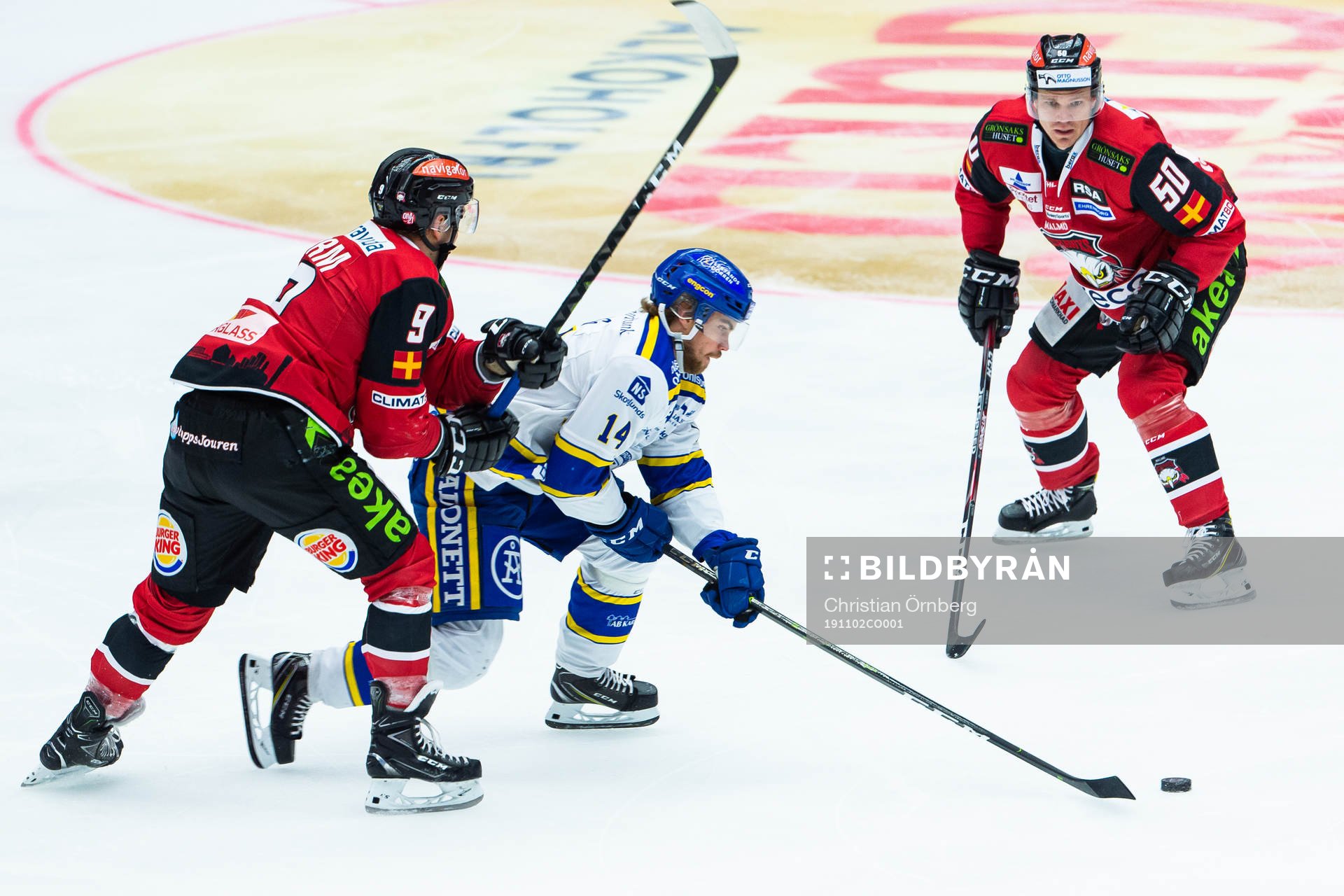 Leksands Oskar Lang i kamp om pucken med Malmö Redhawks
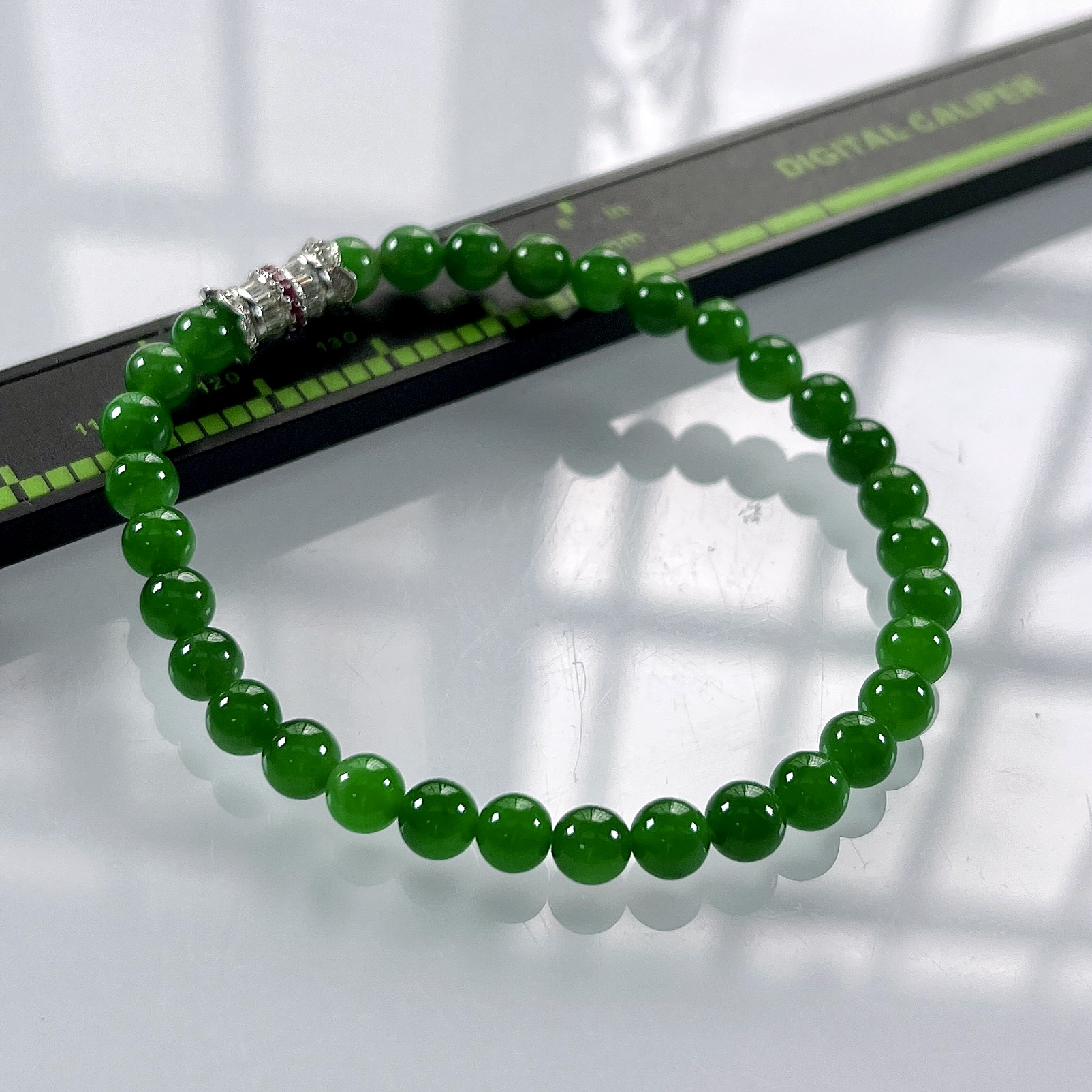 收藏级别，缅甸天然翡翠A货，卡5.2冰种起胶满绿帝王绿小圆珠手串手链，尺寸：5.2mm/32颗，长度170mm，重量：8.88g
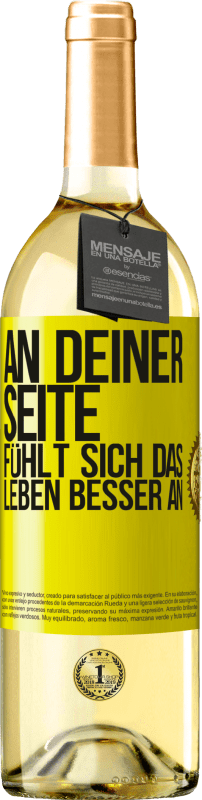 29,95 € Kostenloser Versand | Weißwein WHITE Ausgabe An deiner Seite fühlt sich das Leben besser an Gelbes Etikett. Anpassbares Etikett Junger Wein Ernte 2024 Verdejo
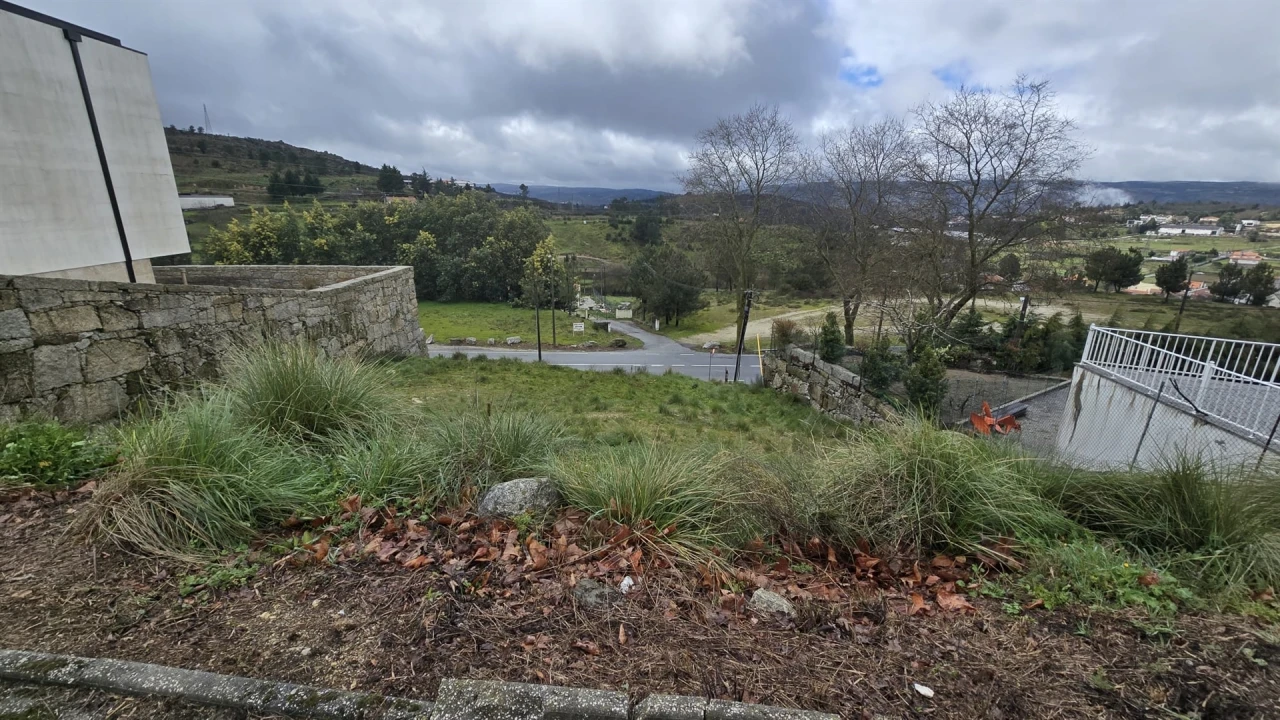 Terreno para Venda em Maçainhas Foto 7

- _EXERCISE AIM_: Go through the material above and repeat it exactly. Omit the pictures.

- _FINISHED TASK_:
 Leksands Oskar Lang i kamp om pucken med Malmö Redhawks
 收藏级别，缅甸天然翡翠A货，卡5.2冰种起胶满绿帝王绿小圆珠手串手链，尺寸：5.2mm/32颗，长度170mm，重量：8.88g
 29,95 € Kostenloser Versand | Weißwein WHITE Ausgabe An deiner Seite fühlt sich das Leben besser an Gelbes Etikett. Anpassbares Etikett Junger Wein Ernte 2024 Verdejo
 Terreno para Venda em Maçainhas Foto 7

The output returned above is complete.